Cheating in academia is exactly the same as piracy: It is a service problem. If classes taught useful information/skills in a non-boring way, cheating would be significantly reduced.

It takes a special kind of myopic/arrogant person to find out that students are cheating on their exams and think that the problem has nothing to do with them.

I can't agree more, I've studied IT engineering, but spending countless hours on fundamental sciences while at the same time knowing that it will have little to no benefit to my actual profession was too big of a torture to endure.
If done right, fundamental sciences make for great learning.
Didn't do that for me on any level whatsoever. I think the biggest miss of academia is inability to catch student's interest. When I started doing actual practical work and see the fruits of my labor - that's when my interest morphed into a feedback loop - that was never ever the case in the university.
It is not the job of a university to motivate its students, they are supposed and assumed to be grown-ups who can motivate themselves to learn things they want to learn.
That'd be a destructive attitude for universities to take.
I guess you got unlucky with your studies and your professors. Glad to hear, that you learned to like learning.
I do agree with this. While in charge of hiring for a data science team, I found that candidates with degrees in hard sciences were more often than not better candidates than the ones with CS backgrounds. Fundamental understanding of mathematics and true problem solving skills go a long way in data science (and computer science of course), and these seem to be tenets of good graduates of Physics programs especially.
If the college degree would only serve to get to the next academic level, things would probably be alright.
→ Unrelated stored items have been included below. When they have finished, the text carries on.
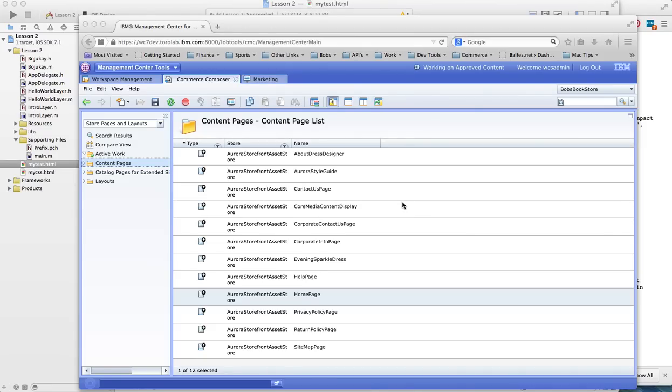Hello and welcome. Today I'm going to show you how easy it is to create widgets right within Commerce Composer without writing any type of JSP.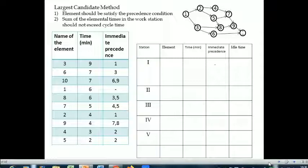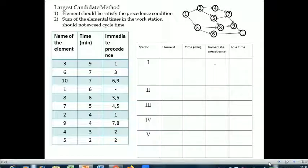In this table the highest time among all ten elements is nine minutes, corresponding to element three, so it is written at the top. The next largest time is seven, and in this way times are arranged in descending order. Now we will start allocating the elements to the stations, and a small allocation table has to be prepared.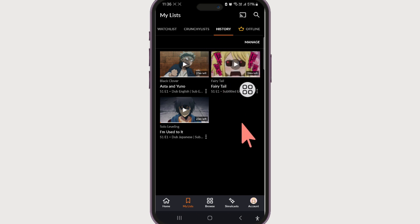Now you know how to clear watch history in Crunchyroll. If you found this video helpful, do give this video a big thumbs up. And if you still have any questions or comments regarding clearing history in Crunchyroll, do leave them in the comment section — we'll get back to you right away. Until next time, bye.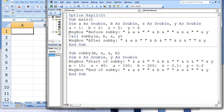A message box is created that states: before subby, the value of a, the value of b, the value of x, and the value of y. These values are 1, 2, 5, and 6. Next, the subprocedure named subby is called. The program halts and waits for subby to finish before continuing in main.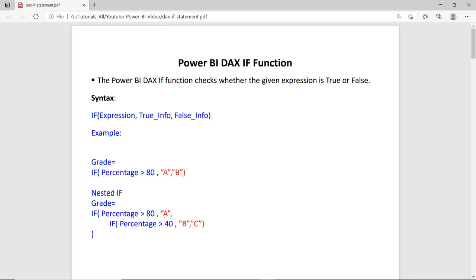Hi guys, this is Aminash Sharma and in this session we will see how to use the IF function in Power BI. The IF function is a decision-making function — you supply an expression and a value, and those values return on the basis of the evaluation of the expression. The expression evaluates and returns true or false. In the syntax: IF expression comma true — if the expression is true then the first value returns, otherwise in case of false the second value will return.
IMHO the real issue is that degrees are considered signals for employers - that blows up their value to much, much more than "just" the value of the courses added together.

agree, I was a school drop out and then went on to do a degree in open university, then did my masters in IT and the IT degree would not be awarded to me because I did not have my school completed. (Note I passed in distinction > 70% in every subject of that degree)
>Cheating in academia is exactly the same as piracy: It is a service problem. If classes taught useful information/skills in a non-boring way, cheating would be significantly reduced.
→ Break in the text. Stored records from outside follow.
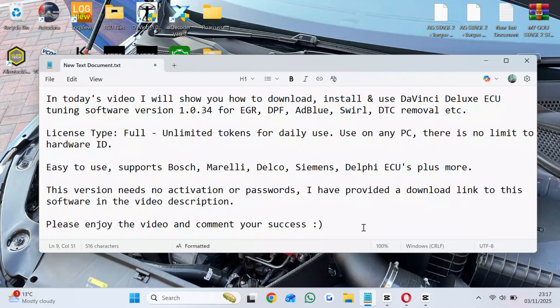In today's video I will show you how to download, install and use DaVinci Deluxe ECU Tuning Software version 1.0.34 for EGR, DPF, AdBlue, Swirl, DTC removal, etc.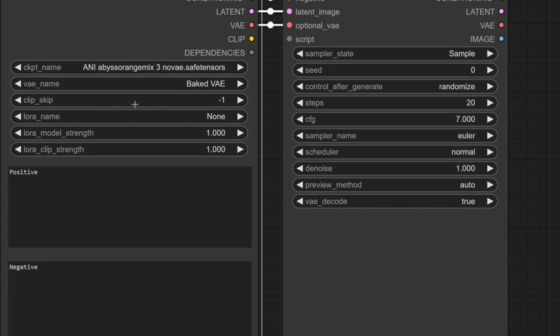You can also do clip skip. That's for a future video maybe. You can also load a LoRa also for a future video. That's all included in this one loader.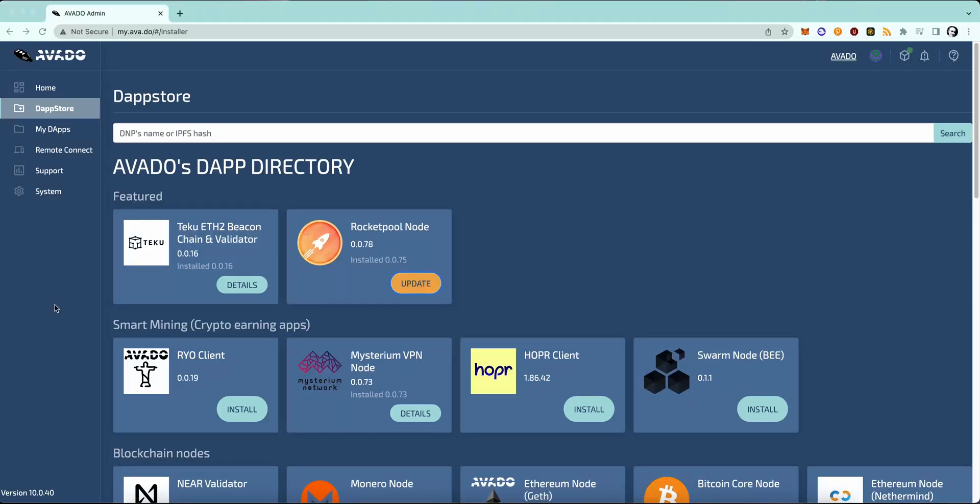Hi, in this video I will show you how to move your Ethereum validator from your i5 to your i7.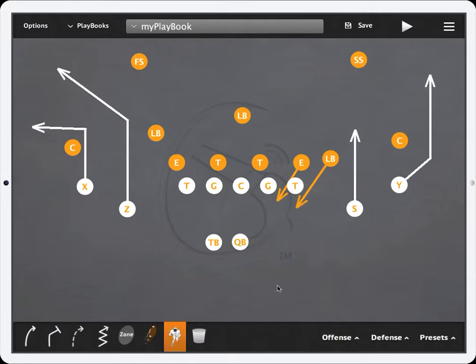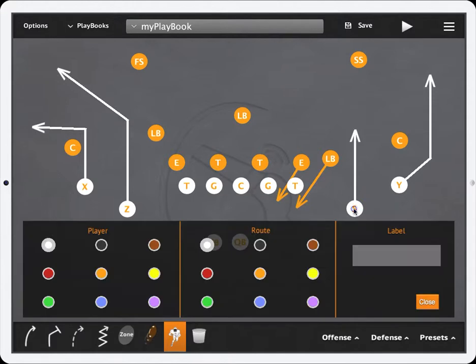Once that is highlighted, you know you're in the player settings mode. Simply go and click on one of the players and a pop-up will show you the ability to change the player color, the route color, or put a label.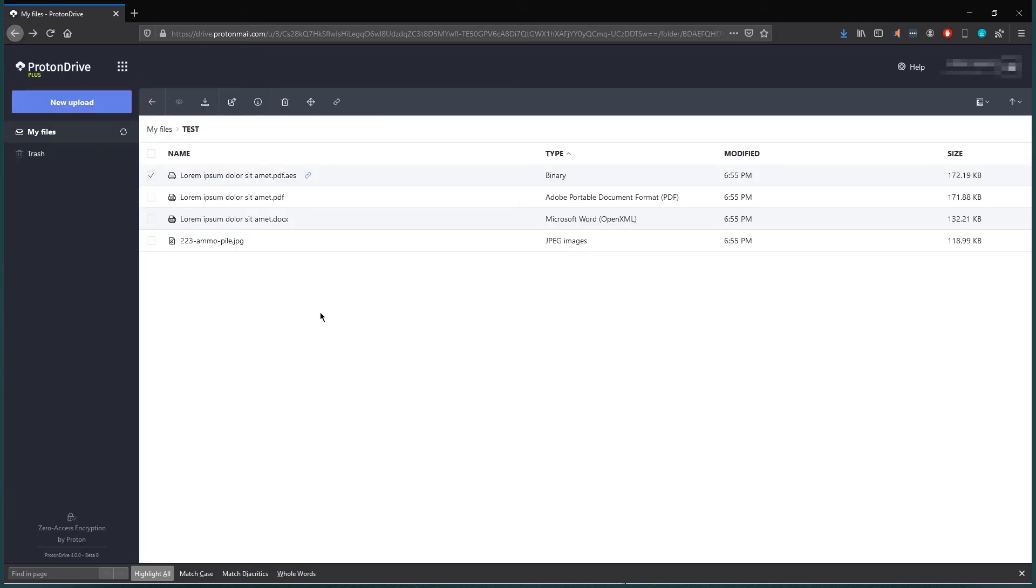My problem is that I cannot edit the text document online. I hope this functionality may appear in the future. But for what it is right now.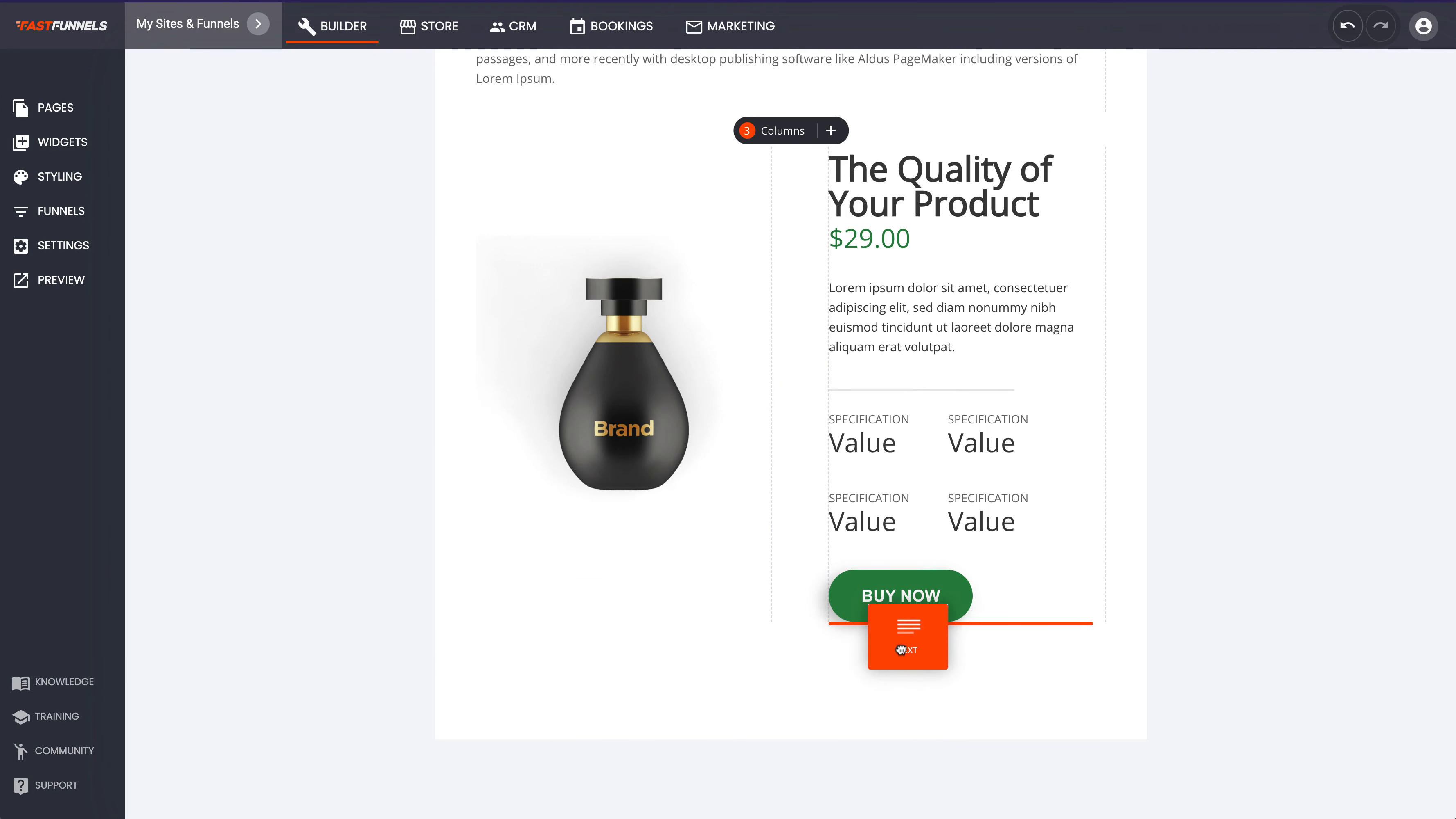And then we can choose our category. We've got this in the category of video. We can also choose the URL which is great for the search engine point of view. And then the author, let's just type in me. And then the post date as well, so you can actually schedule your post for the future which is really good.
This is true, but only for certain subjects. I largely agree with you when it comes to many Comp-Sci courses. Differential Equations, not so much.

You can't stop 100% of the cheaters, but if your differential equations professor speaks little English and lectures from the book without caring one iota about presentation, then that professor will have higher rates of cheaters. It's about controlling the variable that can be controlled.
The instructors mentioned were not teaching the course this student planned to cheat on, though. And without a revolution in American education, there will never be the students to sustain schools without the notion that there is a credential at the end of the level. Nor will there be any significant proportion of classes that have no unengaged students.
Right, which is why I said it has "mostly" to do with the fact that what is being taught is useless. It's asymptotic, of course - there exists a certain number of people who will cheat on their exams, and that's OK. It doesn't mean we give up and lecture in the most boring style possible, it means we try to improve education and reach the maximum amount of "engageable" students possible.
What you're describing may be part of the issue, I can't argue with that, but come on. There are lots of reasons that people might cheat in classes that they enjoy or that they recognize is useful. I've been lucky enough to have very little cheating in my classes, but it's easy enough to imagine.
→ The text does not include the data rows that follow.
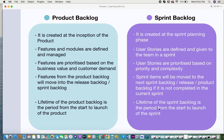Features are prioritized based on business value and customer demand in your product backlog. You need to decide which features to push out first, and prioritization is based on what features give the most business value or returns to the business and which features are in high demand by the customer. Based on these parameters, you define the priority of the features in your product backlog.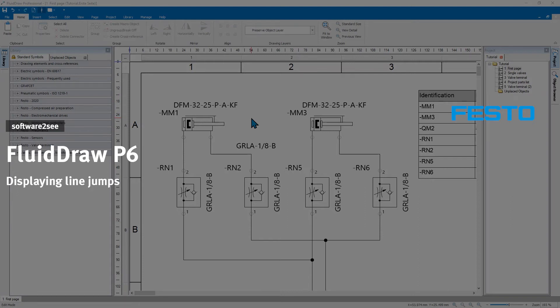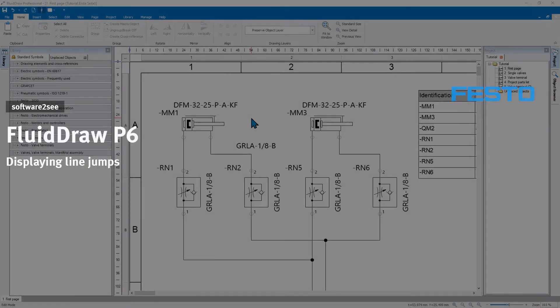Welcome to Software2See from Festo. In this video, we show you how to display the line jumps in FluidDraw P6.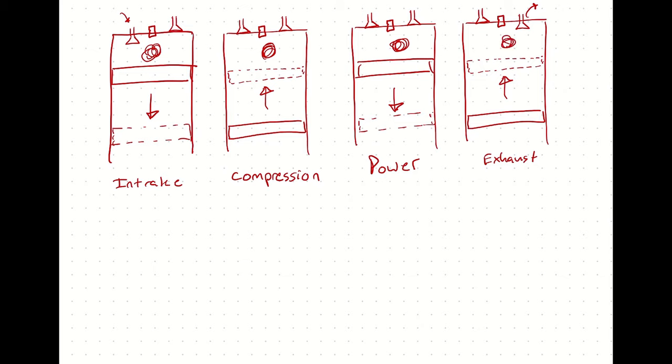So intake brings in an air fuel mixture. Compression compresses the air fuel mixture. Then between compression and power, the spark plug fires, combusting all the fuel instantaneously for the purposes of our analysis. Then that hot mixture of air and whatever products are left after combustion, push against the piston, moving it down, producing some power. And then we are moving the piston back up to exhaust that mixture of air and exhaust gases so that we can bring in a fresh air fuel mixture again.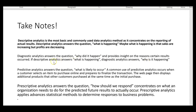Diagnostic analytics answers the question why did it happen and provides insight into the reasons certain results occurred. If descriptive analytics answers what just happened, diagnostic answers why it happened. Predictive analytics answers the question: what is likely to occur next? A common use of predictive analytics occurs when a customer selects an item to purchase online and prepares to finalize the transaction.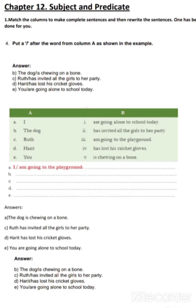Now, you have already learned which kind of helping verbs are used with the different kinds of nouns and pronouns. So you can use it in this way when you have to match the columns. But in the next exercise, what you have to do is put a slash after the word from column A, as shown in the example: I / am going to the playground.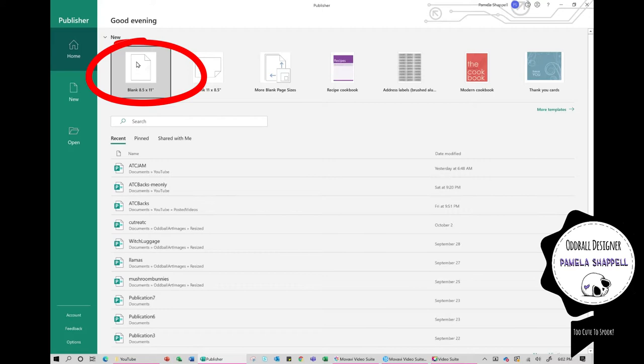Hi everybody. Thanks for joining me on Let Your Art Out today. So who doesn't love Happy Mail? I love Happy Mail. And I thought I would try something new and add some digital images to my envelopes and kind of raise my game on the Happy Mail. So I thought I would walk you through, just in case you didn't know, on how to create an envelope-type document in Publisher.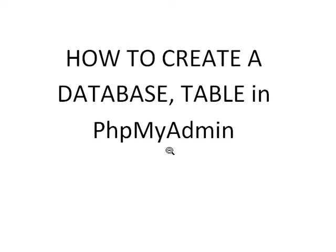Hello guys, I'm going to teach you how to create a database and a table in phpMyAdmin. It's so simple.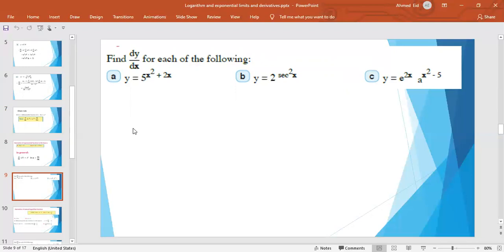Second: y = 2^(6√x). Then y′ = 2^(6√x) · ln 2 · d/dx(6√x), where we need the derivative of 6√x. Third: y = e^(2x) · a^(x² − 5). Notice this is a product of two functions: e^(2x) and a^(x² − 5). We differentiate it using the product rule.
Let's say Johnny wants to be a doctor more than anything in the world. He knows that he needs two semesters of Organic Chemistry on his transcript to get in to med school, and that if his grades aren't top notch he won't be able to compete. Johnny likes his Chem prof (and the grading is fair), but he's only managing B-'s on his exams. He sees his dream fading away. Sure, he could say, "Huh. I guess I'm not cut out to be a doctor." But don't you think some students out there would consider cheating under those circumstances?

Or maybe Johnny consciously chose to go to a college that has a strong culture of giving students a "well-rounded" education (by whatever internal definition) and insists that students take a wide variety of classes from different disciplines. That's not Johnny's cup of tea: he just wants a computing degree. He could easily have chosen a different school, but he didn't. Now he just wants to focus on his CS classes, so when he's stuck with a course in English or History he decides to cheat so he doesn't have to think about it. Do you really want to say that's the teacher's fault?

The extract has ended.